## ACTIVITY
Pictures are not part of the answer. Write out exactly the lines from the one containing "sinónimo de Cremallera" through the end of the material below.
※
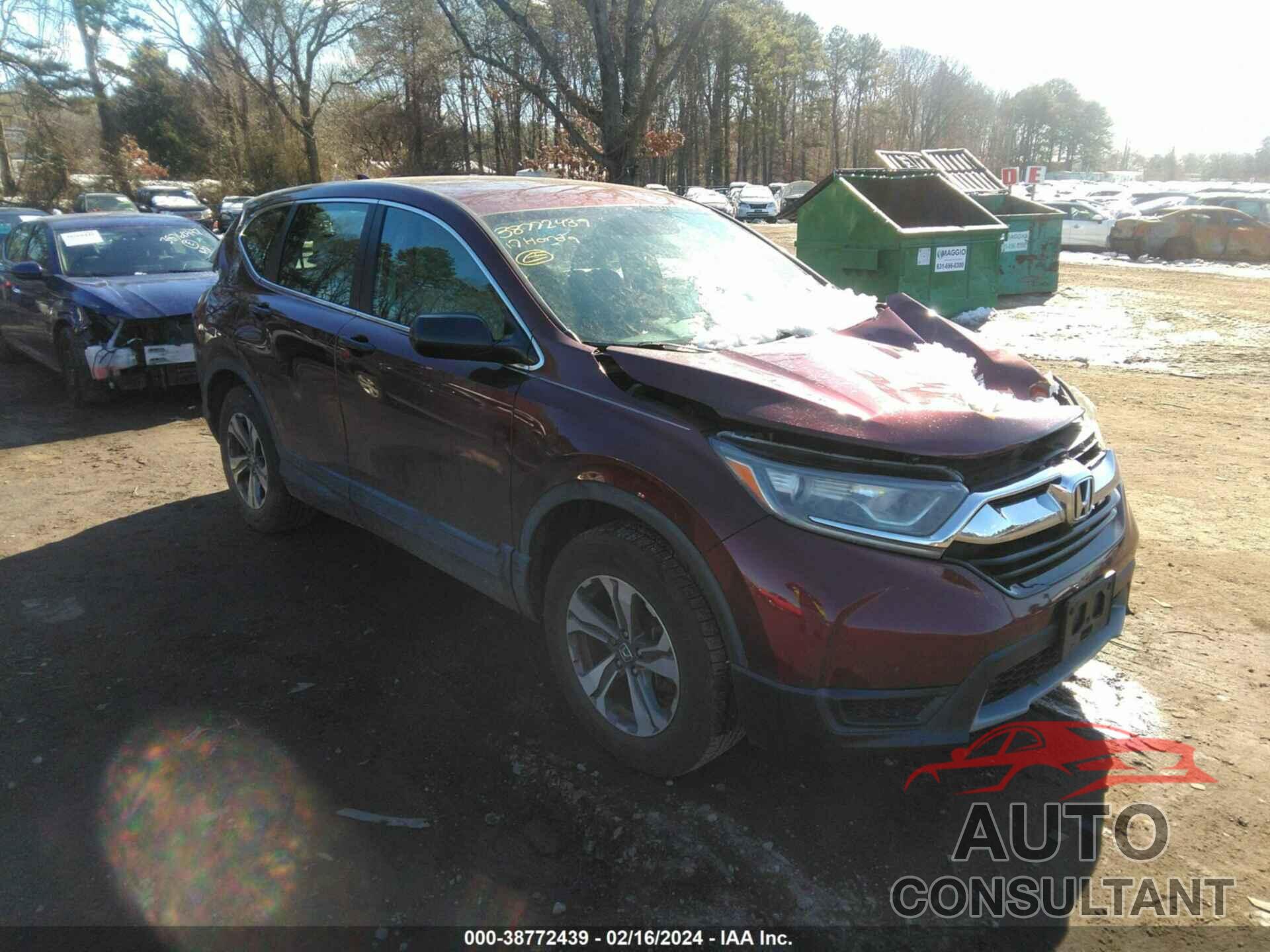 HONDA CR-V 2017 - 2HKRW6H39HH206049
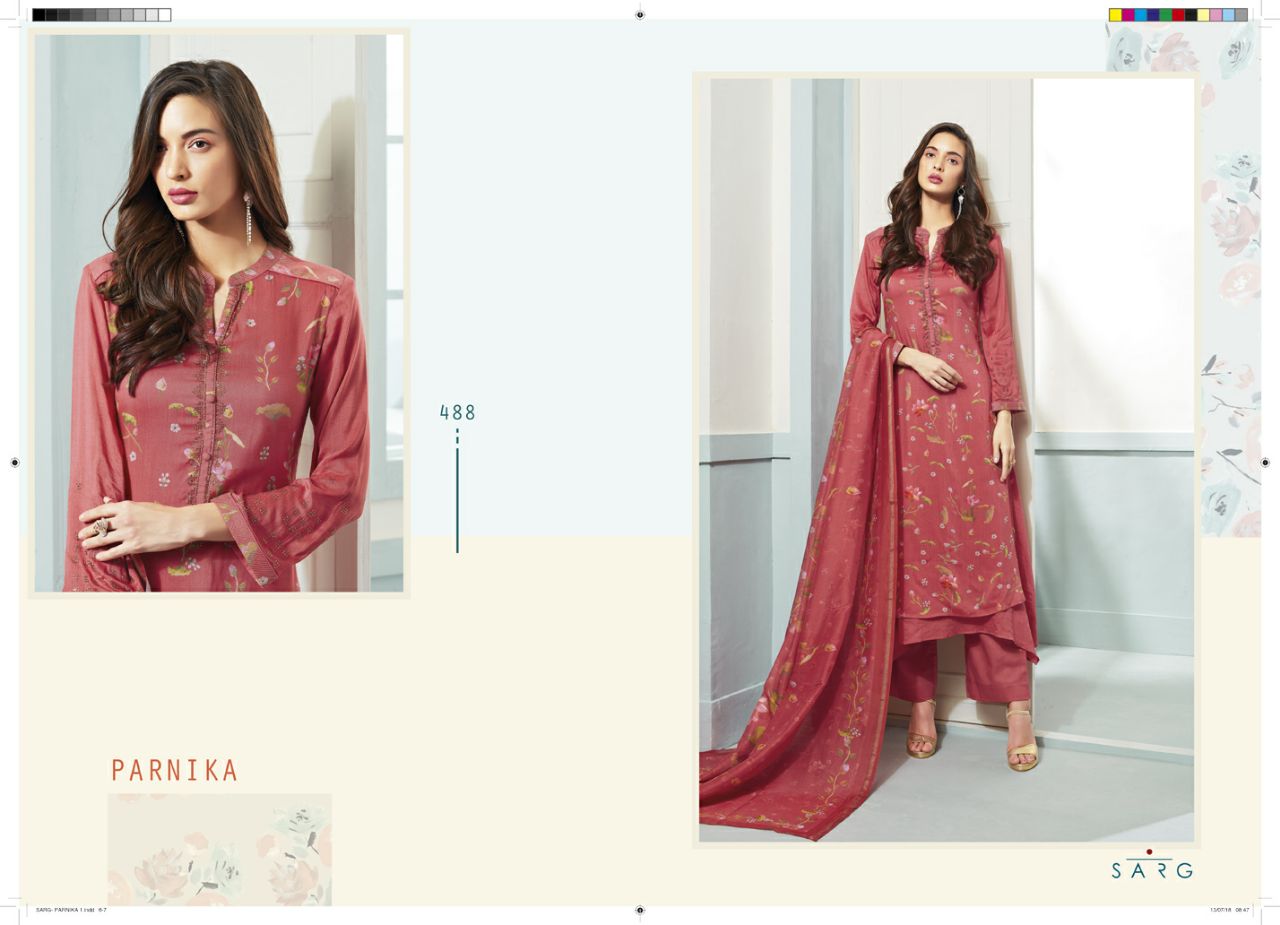 Parnika By Sarg Sahiba Digital Printed Suits Wholesale Supplier And Dealer Surat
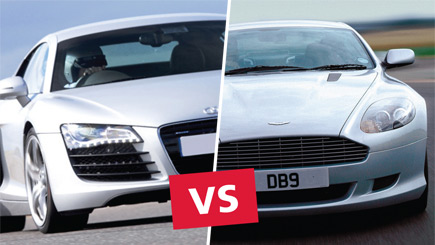 Aston Martin Versus Audi R8 Driving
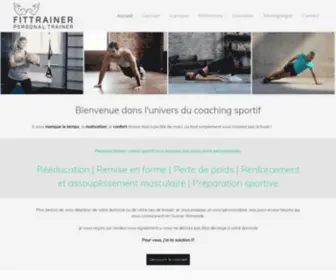 Fittrainer.ch(Coach sportif personnalisé) Screenshot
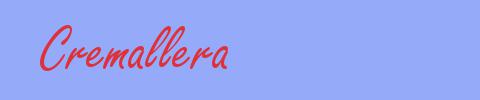 sinónimo de Cremallera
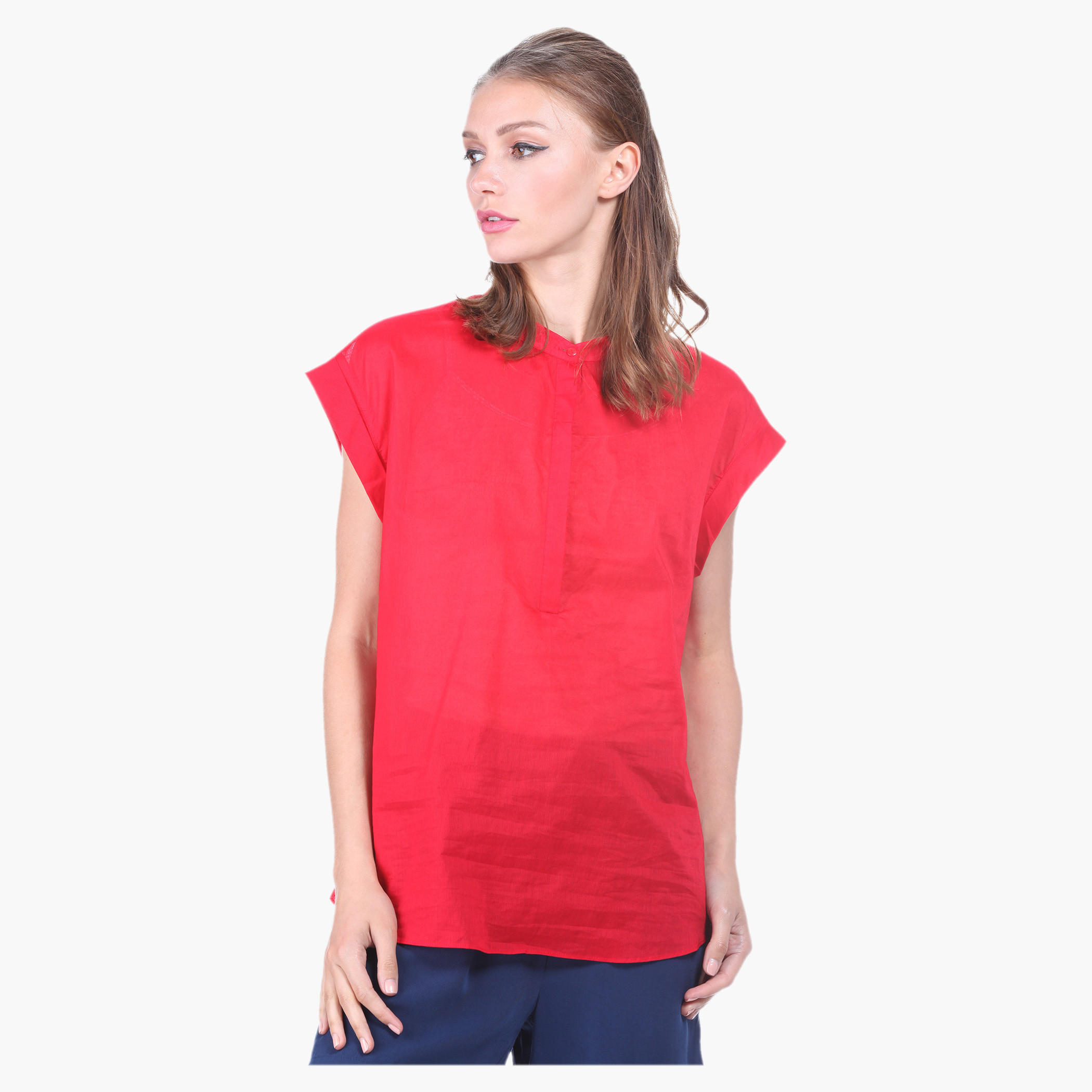 Solid Colour Shirt-women-clothing-shirtsandblouses-blouses-image-11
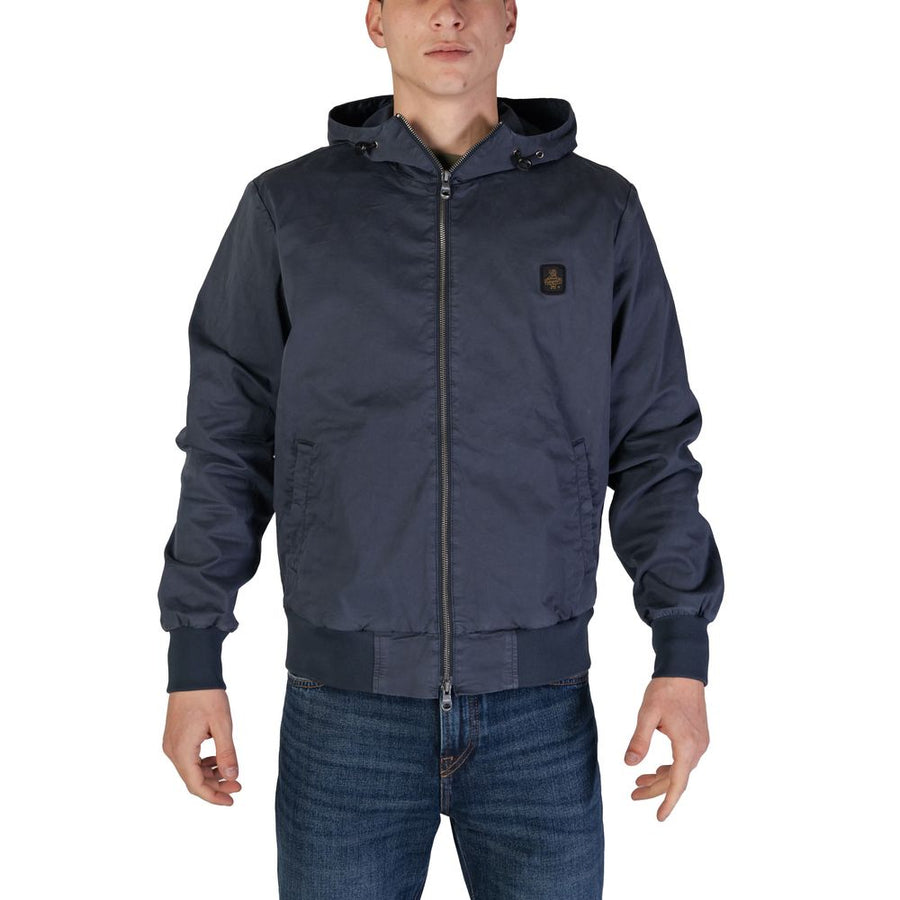 Blue Cotton Jackets & Coat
※
## TASK ANSWER
 sinónimo de Cremallera
 Solid Colour Shirt-women-clothing-shirtsandblouses-blouses-image-11
 Blue Cotton Jackets & Coat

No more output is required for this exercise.